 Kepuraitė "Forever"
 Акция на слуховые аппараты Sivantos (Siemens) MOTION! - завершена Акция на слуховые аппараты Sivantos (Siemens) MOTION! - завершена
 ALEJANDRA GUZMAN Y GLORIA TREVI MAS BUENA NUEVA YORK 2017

> _Task details_: The data above needs to be retyped in full, exactly as given.

> _Reply to the exercise_:
 Kepuraitė "Forever"
 Акция на слуховые аппараты Sivantos (Siemens) MOTION! - завершена Акция на слуховые аппараты Sivantos (Siemens) MOTION! - завершена
 ALEJANDRA GUZMAN Y GLORIA TREVI MAS BUENA NUEVA YORK 2017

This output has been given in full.